▸ What is required
Exactly reproduce the lines of the listing below from the one containing "Door Stop Installation Shad Bay - NS" through the one containing "(BOOS)-Assessment of the". Skip the images.

▸ Input records

********

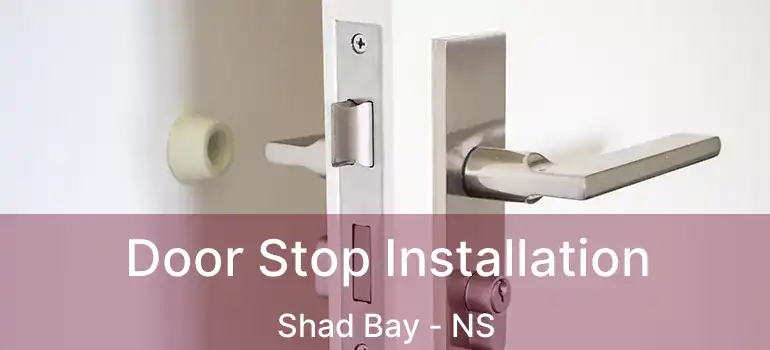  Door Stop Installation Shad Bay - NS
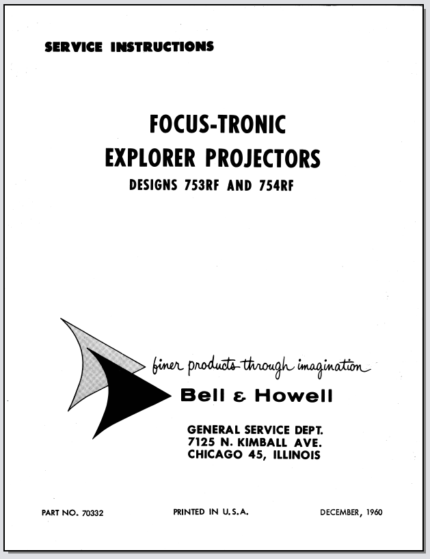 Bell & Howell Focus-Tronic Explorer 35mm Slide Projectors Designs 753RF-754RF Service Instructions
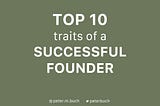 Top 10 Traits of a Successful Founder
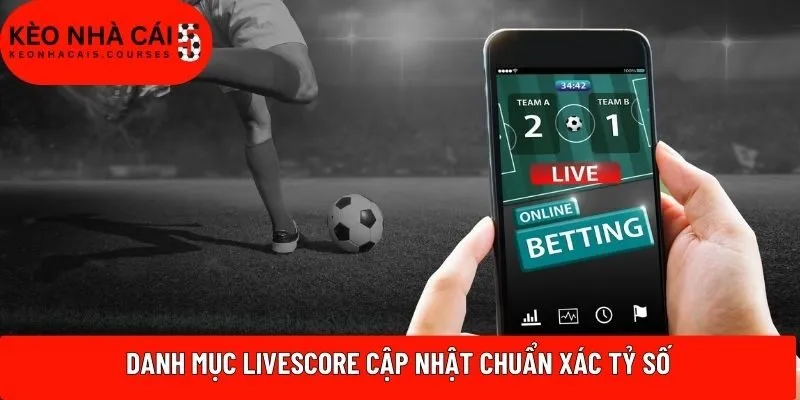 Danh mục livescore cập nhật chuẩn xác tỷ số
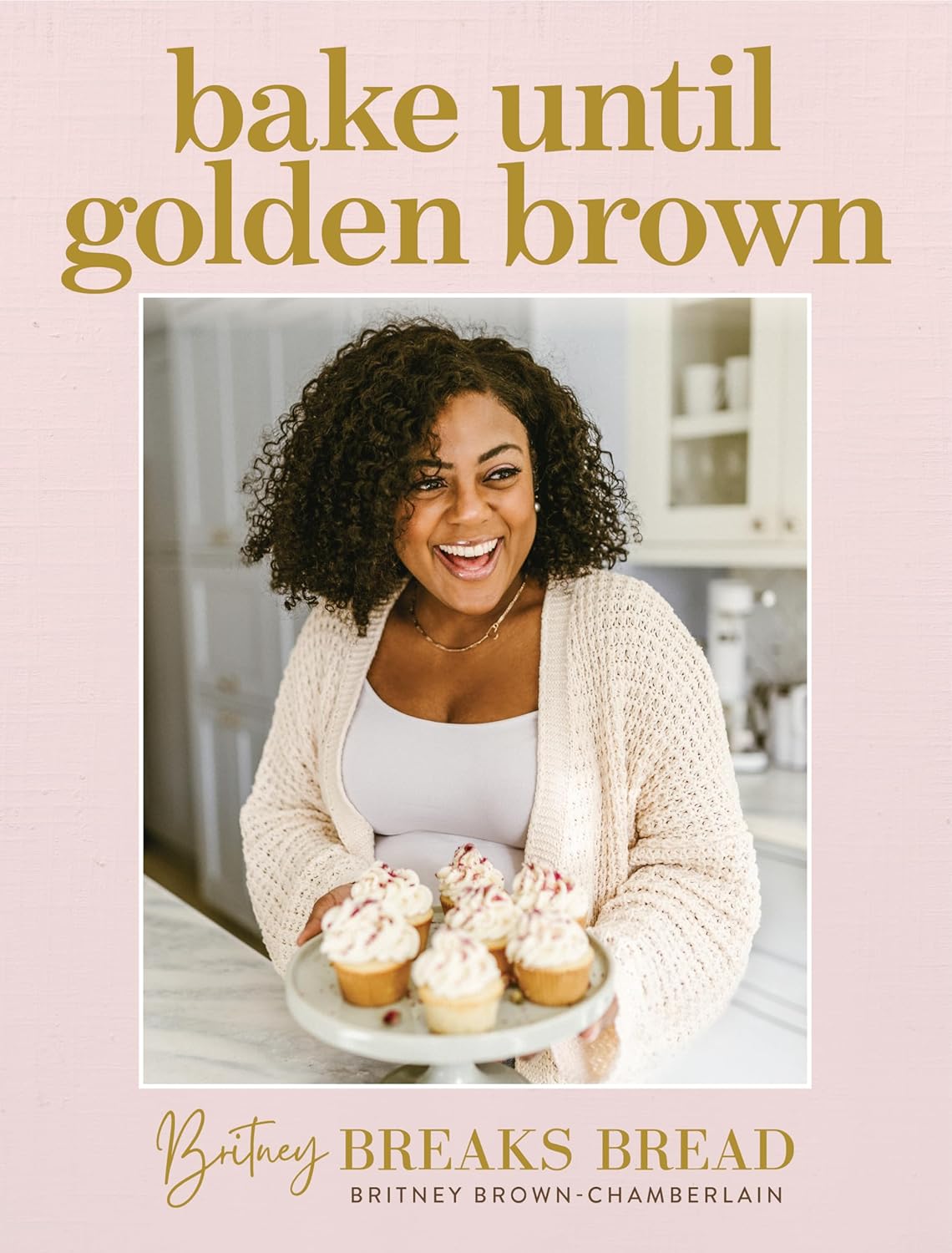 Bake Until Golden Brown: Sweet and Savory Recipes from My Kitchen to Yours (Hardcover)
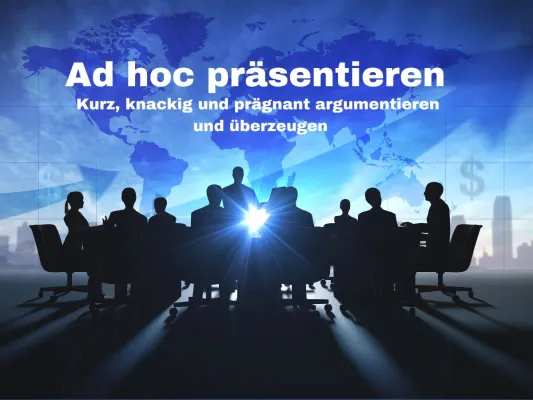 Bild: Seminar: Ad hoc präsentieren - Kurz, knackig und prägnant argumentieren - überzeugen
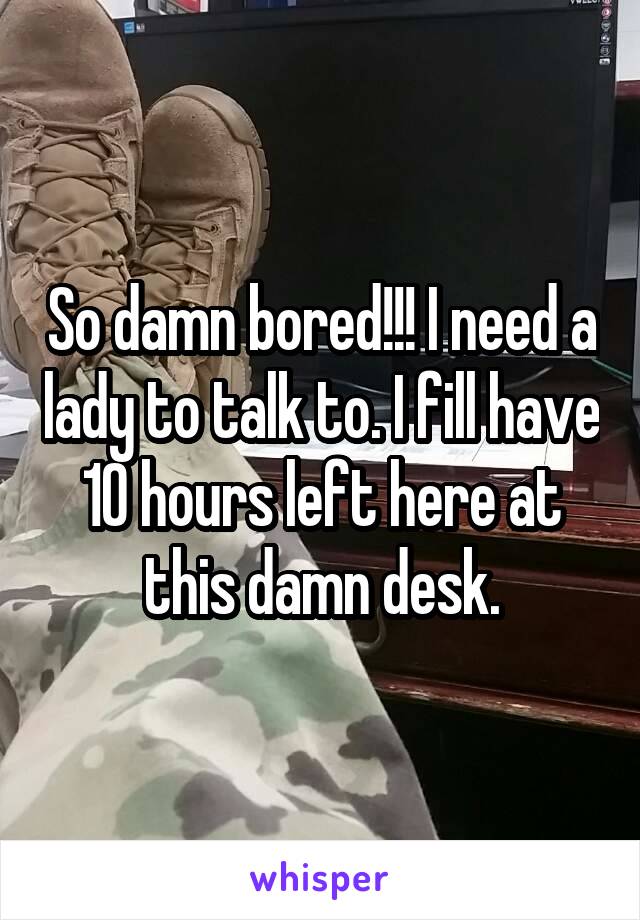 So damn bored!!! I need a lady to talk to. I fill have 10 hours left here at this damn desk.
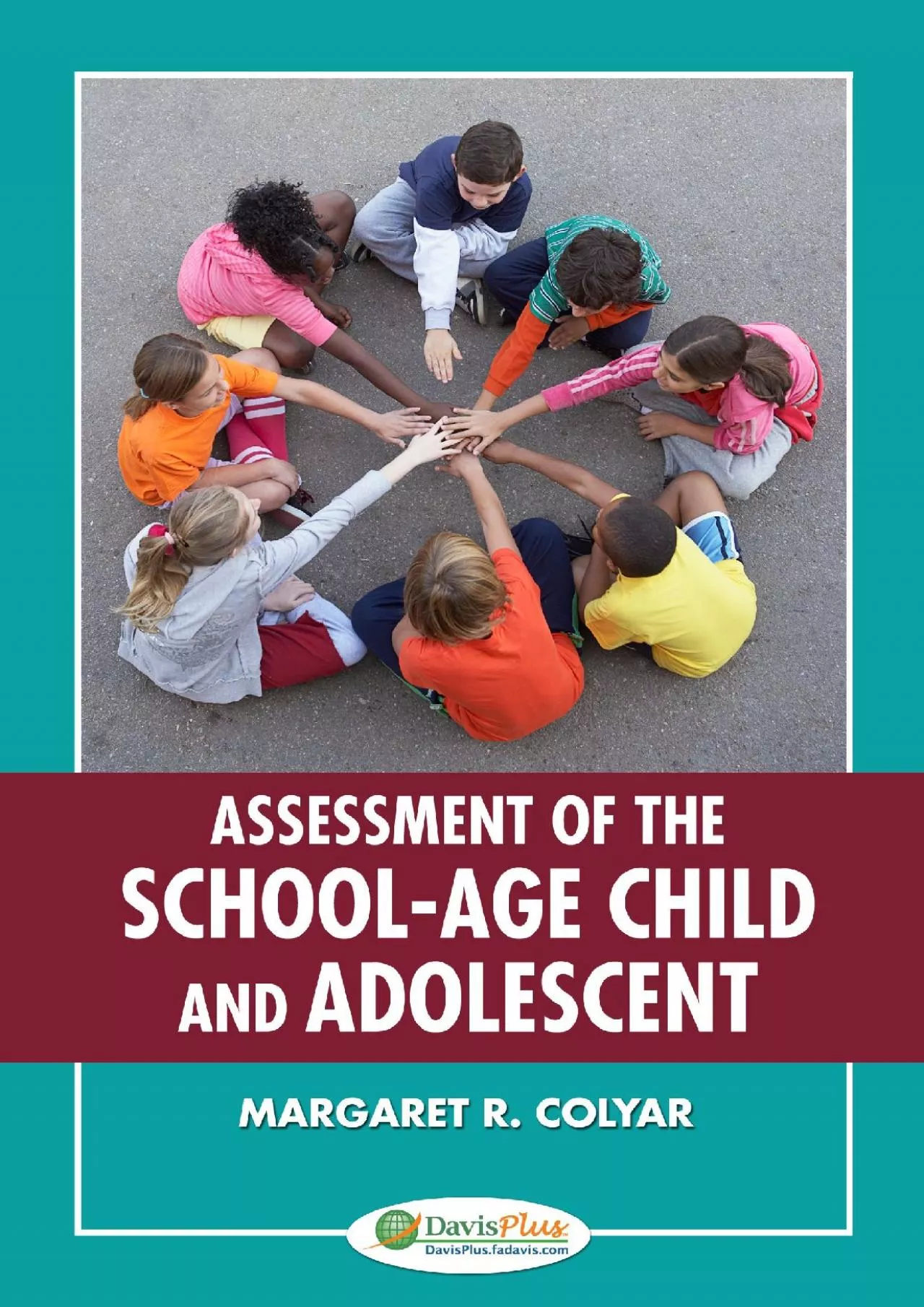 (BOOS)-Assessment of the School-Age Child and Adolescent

********

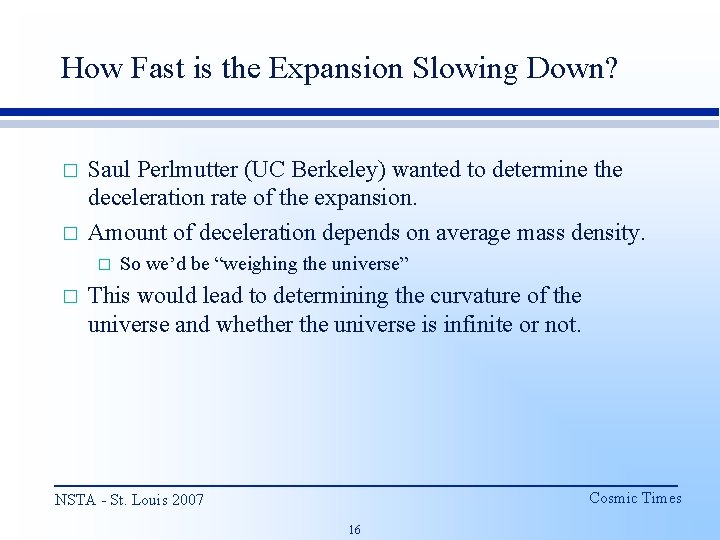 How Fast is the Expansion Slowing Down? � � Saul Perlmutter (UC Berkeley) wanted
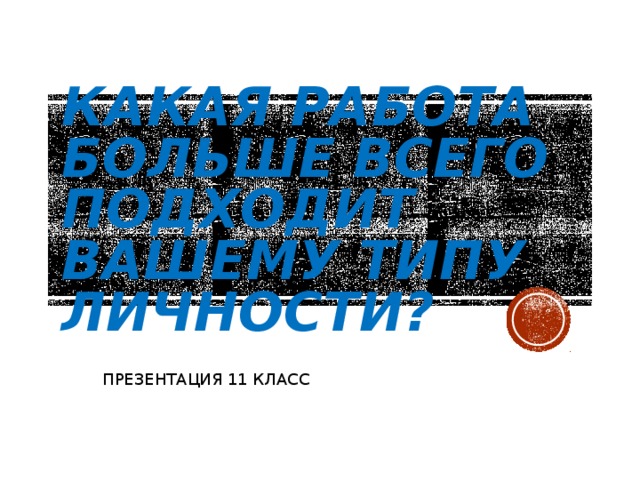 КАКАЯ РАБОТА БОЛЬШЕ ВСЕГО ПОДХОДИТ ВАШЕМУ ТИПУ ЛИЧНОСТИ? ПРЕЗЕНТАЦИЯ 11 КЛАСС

********

▸ Result for this task
  Door Stop Installation Shad Bay - NS
 Bell & Howell Focus-Tronic Explorer 35mm Slide Projectors Designs 753RF-754RF Service Instructions
 Top 10 Traits of a Successful Founder
 Danh mục livescore cập nhật chuẩn xác tỷ số
 Bake Until Golden Brown: Sweet and Savory Recipes from My Kitchen to Yours (Hardcover)
 Bild: Seminar: Ad hoc präsentieren - Kurz, knackig und prägnant argumentieren - überzeugen
 So damn bored!!! I need a lady to talk to. I fill have 10 hours left here at this damn desk.
 (BOOS)-Assessment of the School-Age Child and Adolescent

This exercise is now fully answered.